The disability movement and disability legislation have participated in these dynamics by presenting persons with disabilities as a singular group. While both have made significant efforts in the recent past to acknowledge women with disabilities and children with disabilities as objects of ‘double discrimination,’ many other subgroups, such as youth, have largely been ignored. This imagined homogeneity amongst persons with disabilities has roots in both disability organizing theory and practice.

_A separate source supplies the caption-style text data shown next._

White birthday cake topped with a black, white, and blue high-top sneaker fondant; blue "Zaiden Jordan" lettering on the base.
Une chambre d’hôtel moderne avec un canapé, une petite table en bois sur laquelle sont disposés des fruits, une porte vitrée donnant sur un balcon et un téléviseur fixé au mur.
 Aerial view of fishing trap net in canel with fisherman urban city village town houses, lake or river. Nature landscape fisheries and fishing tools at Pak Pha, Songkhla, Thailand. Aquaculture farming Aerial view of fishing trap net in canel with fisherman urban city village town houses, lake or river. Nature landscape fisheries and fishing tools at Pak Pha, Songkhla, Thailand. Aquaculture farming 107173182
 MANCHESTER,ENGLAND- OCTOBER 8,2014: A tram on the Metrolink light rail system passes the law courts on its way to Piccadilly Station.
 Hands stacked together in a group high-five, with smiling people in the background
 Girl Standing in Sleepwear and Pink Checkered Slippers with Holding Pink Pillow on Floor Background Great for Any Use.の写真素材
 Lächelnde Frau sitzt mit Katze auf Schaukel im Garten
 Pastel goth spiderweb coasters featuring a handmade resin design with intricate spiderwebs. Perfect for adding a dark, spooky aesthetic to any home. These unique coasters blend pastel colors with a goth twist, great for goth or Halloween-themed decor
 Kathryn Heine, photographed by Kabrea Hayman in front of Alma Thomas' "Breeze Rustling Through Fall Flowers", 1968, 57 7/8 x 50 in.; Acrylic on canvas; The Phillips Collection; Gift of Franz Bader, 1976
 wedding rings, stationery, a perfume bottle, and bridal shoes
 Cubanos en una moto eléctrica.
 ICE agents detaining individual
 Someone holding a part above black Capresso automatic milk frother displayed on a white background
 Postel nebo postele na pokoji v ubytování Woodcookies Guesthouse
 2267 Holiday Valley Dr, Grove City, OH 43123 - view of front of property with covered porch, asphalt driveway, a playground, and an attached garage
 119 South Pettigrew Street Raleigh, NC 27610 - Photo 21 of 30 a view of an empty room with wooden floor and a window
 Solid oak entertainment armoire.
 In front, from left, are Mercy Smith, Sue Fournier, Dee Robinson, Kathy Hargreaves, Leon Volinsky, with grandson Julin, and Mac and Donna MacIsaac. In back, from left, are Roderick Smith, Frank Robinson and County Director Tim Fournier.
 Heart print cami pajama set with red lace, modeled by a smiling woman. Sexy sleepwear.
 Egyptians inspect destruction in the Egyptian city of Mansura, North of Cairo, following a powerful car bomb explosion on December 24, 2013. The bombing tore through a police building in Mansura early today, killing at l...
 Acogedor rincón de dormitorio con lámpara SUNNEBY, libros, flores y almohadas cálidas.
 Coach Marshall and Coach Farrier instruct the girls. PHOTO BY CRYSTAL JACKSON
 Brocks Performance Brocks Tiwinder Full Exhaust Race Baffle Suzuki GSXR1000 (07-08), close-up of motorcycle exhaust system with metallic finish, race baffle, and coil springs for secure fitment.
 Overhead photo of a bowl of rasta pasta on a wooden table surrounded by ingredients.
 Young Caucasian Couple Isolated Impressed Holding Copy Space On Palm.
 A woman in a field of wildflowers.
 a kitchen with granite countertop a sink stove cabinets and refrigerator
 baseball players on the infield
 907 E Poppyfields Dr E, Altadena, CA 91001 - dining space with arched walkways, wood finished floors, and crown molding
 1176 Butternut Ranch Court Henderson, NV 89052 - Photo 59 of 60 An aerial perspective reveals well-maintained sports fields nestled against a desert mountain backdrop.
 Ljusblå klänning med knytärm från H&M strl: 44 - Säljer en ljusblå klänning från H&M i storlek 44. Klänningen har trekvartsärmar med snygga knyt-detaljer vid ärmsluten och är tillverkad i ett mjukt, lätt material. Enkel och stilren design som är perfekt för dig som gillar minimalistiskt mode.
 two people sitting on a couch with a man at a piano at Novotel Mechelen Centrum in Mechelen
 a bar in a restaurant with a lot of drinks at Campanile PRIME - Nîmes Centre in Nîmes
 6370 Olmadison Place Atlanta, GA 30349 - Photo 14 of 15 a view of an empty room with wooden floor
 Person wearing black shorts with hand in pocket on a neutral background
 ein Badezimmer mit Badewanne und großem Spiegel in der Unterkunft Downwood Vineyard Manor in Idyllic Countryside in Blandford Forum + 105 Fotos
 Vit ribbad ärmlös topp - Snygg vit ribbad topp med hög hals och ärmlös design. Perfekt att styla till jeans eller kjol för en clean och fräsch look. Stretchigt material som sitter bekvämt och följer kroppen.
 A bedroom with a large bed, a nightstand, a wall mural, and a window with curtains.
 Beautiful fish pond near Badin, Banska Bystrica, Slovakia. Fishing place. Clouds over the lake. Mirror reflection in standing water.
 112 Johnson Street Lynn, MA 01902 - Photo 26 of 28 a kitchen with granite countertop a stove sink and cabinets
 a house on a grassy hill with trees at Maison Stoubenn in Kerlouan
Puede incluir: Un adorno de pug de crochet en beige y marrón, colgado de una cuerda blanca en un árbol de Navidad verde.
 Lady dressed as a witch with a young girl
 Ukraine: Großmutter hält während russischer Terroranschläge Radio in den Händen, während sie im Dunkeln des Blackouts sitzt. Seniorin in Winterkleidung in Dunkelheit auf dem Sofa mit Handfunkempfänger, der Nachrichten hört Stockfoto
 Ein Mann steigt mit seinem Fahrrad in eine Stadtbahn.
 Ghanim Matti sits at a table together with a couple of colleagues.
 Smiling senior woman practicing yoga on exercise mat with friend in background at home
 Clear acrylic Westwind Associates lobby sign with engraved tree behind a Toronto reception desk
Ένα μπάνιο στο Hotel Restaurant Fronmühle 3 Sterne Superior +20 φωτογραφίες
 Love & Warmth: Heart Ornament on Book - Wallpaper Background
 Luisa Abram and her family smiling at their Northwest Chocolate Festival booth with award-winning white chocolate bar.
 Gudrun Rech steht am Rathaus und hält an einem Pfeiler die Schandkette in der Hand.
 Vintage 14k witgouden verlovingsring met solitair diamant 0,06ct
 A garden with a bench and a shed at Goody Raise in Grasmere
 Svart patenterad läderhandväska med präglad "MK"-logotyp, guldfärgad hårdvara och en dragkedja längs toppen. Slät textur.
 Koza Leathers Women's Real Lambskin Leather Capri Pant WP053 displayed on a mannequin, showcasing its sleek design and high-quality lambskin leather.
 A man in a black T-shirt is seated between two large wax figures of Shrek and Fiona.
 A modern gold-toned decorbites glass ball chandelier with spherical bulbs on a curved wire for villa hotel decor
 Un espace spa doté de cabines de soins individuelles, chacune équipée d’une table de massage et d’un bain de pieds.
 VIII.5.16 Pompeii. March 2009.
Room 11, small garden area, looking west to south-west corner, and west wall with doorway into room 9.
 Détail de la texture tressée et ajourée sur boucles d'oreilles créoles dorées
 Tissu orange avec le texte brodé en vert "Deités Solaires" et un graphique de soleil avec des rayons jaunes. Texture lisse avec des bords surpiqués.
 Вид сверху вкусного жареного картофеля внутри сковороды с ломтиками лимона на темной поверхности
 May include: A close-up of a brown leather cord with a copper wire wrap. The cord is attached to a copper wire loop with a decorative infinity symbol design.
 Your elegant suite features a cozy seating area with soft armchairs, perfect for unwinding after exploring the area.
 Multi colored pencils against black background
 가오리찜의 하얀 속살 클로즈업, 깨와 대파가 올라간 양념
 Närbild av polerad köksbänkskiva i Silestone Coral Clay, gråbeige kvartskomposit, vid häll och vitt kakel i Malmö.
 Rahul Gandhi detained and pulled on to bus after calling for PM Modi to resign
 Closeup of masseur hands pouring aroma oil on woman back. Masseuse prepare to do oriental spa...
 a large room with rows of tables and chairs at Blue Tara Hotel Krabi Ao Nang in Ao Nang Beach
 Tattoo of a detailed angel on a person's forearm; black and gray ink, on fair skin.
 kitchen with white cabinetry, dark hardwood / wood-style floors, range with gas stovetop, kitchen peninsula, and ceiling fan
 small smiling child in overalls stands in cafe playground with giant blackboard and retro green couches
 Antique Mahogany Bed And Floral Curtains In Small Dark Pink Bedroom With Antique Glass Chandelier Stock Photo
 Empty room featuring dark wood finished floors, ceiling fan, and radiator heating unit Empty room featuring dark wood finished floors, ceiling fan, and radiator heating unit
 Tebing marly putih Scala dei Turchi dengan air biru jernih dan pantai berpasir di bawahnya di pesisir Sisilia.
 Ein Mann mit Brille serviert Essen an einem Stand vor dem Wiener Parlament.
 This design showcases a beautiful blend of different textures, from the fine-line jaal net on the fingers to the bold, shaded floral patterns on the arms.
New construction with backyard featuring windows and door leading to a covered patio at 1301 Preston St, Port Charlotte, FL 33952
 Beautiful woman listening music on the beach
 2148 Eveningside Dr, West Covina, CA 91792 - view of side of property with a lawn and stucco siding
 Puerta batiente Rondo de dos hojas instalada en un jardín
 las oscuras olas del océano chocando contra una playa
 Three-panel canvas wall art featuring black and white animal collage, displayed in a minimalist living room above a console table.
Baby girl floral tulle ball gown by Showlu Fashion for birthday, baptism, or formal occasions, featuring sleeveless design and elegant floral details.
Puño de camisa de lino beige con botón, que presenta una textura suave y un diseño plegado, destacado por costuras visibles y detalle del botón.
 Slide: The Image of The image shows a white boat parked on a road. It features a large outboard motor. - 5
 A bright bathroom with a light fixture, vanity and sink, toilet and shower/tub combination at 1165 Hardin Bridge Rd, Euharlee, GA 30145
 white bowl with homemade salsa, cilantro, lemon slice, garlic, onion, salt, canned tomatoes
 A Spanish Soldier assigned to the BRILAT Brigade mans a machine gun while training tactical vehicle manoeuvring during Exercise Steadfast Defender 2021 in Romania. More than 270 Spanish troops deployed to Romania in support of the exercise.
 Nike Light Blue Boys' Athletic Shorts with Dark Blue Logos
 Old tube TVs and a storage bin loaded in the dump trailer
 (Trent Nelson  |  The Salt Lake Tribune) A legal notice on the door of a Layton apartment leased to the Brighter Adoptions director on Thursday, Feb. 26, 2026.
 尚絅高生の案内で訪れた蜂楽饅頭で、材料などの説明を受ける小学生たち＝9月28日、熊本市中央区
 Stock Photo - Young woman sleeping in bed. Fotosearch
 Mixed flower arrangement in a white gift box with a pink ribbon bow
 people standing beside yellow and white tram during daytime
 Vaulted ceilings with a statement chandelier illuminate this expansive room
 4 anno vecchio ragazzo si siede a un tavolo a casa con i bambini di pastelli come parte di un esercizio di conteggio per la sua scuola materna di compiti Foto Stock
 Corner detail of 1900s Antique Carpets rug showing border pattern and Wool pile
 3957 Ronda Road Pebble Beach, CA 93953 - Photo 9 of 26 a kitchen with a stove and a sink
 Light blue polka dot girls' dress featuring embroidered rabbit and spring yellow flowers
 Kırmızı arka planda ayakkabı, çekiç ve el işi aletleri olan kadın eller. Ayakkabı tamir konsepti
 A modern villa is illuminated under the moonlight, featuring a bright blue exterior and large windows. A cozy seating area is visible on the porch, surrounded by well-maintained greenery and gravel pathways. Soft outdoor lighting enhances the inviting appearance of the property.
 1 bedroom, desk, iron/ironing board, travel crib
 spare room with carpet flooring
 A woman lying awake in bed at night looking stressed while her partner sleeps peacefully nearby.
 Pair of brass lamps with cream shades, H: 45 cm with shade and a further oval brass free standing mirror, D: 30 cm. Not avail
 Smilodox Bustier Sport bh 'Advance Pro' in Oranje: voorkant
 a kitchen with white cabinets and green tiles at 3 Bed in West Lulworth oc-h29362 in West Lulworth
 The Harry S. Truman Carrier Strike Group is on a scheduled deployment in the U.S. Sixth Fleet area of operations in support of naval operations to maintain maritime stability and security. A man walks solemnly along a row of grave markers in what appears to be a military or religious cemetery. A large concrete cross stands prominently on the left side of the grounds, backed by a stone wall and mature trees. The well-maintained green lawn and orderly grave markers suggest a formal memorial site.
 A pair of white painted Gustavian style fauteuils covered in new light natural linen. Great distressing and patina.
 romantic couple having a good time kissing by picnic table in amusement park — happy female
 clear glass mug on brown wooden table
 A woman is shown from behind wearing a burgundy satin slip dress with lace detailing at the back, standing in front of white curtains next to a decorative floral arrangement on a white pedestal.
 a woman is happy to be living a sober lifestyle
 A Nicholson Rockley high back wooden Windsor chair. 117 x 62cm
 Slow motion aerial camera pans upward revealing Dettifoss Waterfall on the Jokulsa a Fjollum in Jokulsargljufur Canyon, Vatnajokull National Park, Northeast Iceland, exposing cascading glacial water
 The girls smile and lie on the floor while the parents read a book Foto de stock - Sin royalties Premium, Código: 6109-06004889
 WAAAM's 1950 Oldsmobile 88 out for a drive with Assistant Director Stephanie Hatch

The social model of disability conceives of disability as the result of societal discrimination against all persons with disabilities, regardless of the type, severity, or circumstances of impairment share.

A downside to the unification of the disability movement is that voices get left out:

Unfortunately, the goal of a unified voice often meant that specific needs that vary with gender, age, class, and disability type have been ignored, effectively silencing women, youth, and the poor with disabilities and marginalizing the specific needs of the deaf, people with intellectual impairments, and other disability groups.

Both articles refer to the stratified or hierarchical nature of disabled people and groups. Young people with disabilities are both rich and poor; some are experiencing institutionalisation, some are well-integrated into society. Disabled organisations themselves reproduce some of these differences. As Tatryn retells an anecdote from Nora Groce heard from disabled people’s organisations:

“Yes, we may have some problems but we’re not stupid…” and then soon after she’d find herself in a meeting of people with learning disabilities and they’d say “Sure, we may have trouble understanding things sometimes but we’re not crazy…”

So what do we do in the disability movement? Here are some options –

  • Let’s get intersectional. “Your work on disability isn’t gender friendly.” “Your work on gender in youth isn’t disability sensitive.” “Your work on young disabled women doesn’t include people with intellectual disabilities.” “This programme for young disabled women with intellectual disabilities doesn’t work on the poor”. for the next workshop, etcetera
  • Hope for the best. We can hope that the measures that we are recommending because of our work on disability – universal design, reasonable accommodation, consultation in decision-making, etc. – make things better for all people, and all the varieties expressed within people with disabilities.
  • Some combination of the above two – taking into account diverse nature of experiences and vulnerabilities and constantly pushing ourselves to try to slightly better represent our very broad church.